Kapitalismus

1. Der Begriff

HANDBUCH ORIENTIERUNG: Religionen, Kirchen, Sekten, Weltanschauungen, Esoterik.Mit dem Wort Kapitalismus bezeichnet man die gegenwärtig weltweit vorherrschende Wirtschaftsordnung. Kapitalismus hat sich als die bisher stärkste Wirtschaftsordnung erwiesen. Durch die im Kapitalismus freiwerdenden ökonomischen Kräfte konnte er der Bevölkerung in den USA und Westeuropa, wo er am längsten wirken konnte, einen vergleichsweise höheren Wohlstand erwirtschaften als unter anderen Wirtschaftssystemen wie Sozialismus, islamische Wirtschaftsmodelle oder Tauschwirtschaft in Teilen der Dritten Welt. Durch seine geistige Verwandtschaft mit politisch liberalen Denkweisen ist der Kapitalismus in den Augen seiner Gegner und seiner Anhänger eine Art wirtschaftsliberale Ideologie. Für viele seiner Anhänger ist eine freiheitlich-demokratische Ordnung ohne kapitalistische Wirtschaftsordnung nicht denkbar.
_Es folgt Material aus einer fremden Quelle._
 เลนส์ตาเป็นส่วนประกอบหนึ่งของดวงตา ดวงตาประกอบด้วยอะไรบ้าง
Das Wort Kapitalismus leitet sich nach Meinung der meisten Sprachforscher vom lat. capitalis (Haupt-) ab, was wiederum von caput (Kopf) kommt. Das ursprüngliche "Kapital" war die Größe einer Viehherde, die Anzahl der Köpfe in einer Rinderherde. Die Begriffe "capitaliste" und "capitalisme" erscheinen erstmalig im Frankreich des 18. Jahrhunderts. Karl Marx (1818-1883) und Friedrich Engels (1820-1895) führten den Begriff Kapitalismus im deutschen Sprachraum ein.
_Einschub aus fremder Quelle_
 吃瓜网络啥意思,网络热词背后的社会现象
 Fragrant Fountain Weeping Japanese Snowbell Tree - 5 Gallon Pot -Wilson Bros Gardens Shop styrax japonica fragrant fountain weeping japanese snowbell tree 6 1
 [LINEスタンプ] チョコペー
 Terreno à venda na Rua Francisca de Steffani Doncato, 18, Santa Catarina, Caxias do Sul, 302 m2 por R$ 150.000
2. Die Erscheinungsformen, Chancen und Probleme des Kapitalismus

Die Grundprinzipien der kapitalistischen Wirtschaftsordnung bestehen im Einsatz von Kapital (Vermögen) zur Erwirtschaftung von Gewinnen. Im Gegensatz zu anderen Wirtschaftsordnungen, bei denen stark steuernd oder bewusst behindernd von dritter Seite (Staat, Fürsten, Religion) eingegriffen wird, überlässt man im Kapitalismus die Wirtschaftsentwicklung weitgehend den Kräften und Gesetzmäßigkeiten, die im Markt selbst vorhanden sind. Dieser Weg ist für den Kapitalisten mit hohen Risiken, aber auch großen Verdienstmöglichkeiten verbunden. Beim Einsatz des Kapitals besteht das Risiko eines Wertverlustes des Kapitals. Deshalb wird der Kapitalbesitzer (Kapitalist) sein Kapital nur einsetzen, wenn die Möglichkeit einer hohen Gewinnerzielung (Profit) zu erwarten ist. Der Profit entsteht in der Werterhöhung des Kapitals. Diese Werterhöhung geschieht durch die Erstellung von Produkten, die Veredlung von Rohstoffen oder eine möglichst günstige Vermarktung von Erzeugnissen. Im Kapitalismus führen die ökonomischen Gesetze und Kräfte des Marktes zu dessen Selbststeuerung. Die maximale Gewinnerzielung und Ermittlung des Preises eines Produktes geschieht über den Markt (Preisermittlung durch Angebot und Nachfrage).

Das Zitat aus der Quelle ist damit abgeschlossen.